What to work on:
One range is to be output from the listing below, exactly as written: the line with "GIZZU Wall Charger" to the line with "Fioriera da Giardino", both kept.

Segment Start: Records to process

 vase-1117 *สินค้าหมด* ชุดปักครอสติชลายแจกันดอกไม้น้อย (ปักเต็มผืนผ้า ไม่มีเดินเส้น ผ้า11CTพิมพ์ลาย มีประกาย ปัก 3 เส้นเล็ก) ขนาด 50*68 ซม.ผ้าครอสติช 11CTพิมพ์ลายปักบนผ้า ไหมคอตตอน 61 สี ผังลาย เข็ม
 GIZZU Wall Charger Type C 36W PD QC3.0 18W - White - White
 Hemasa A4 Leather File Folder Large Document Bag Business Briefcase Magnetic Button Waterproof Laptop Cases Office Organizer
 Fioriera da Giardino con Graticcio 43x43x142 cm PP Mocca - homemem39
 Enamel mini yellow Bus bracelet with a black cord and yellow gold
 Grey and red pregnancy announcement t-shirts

Segment End: Records to process

Solution to this problem:
 GIZZU Wall Charger Type C 36W PD QC3.0 18W - White - White
 Hemasa A4 Leather File Folder Large Document Bag Business Briefcase Magnetic Button Waterproof Laptop Cases Office Organizer
 Fioriera da Giardino con Graticcio 43x43x142 cm PP Mocca - homemem39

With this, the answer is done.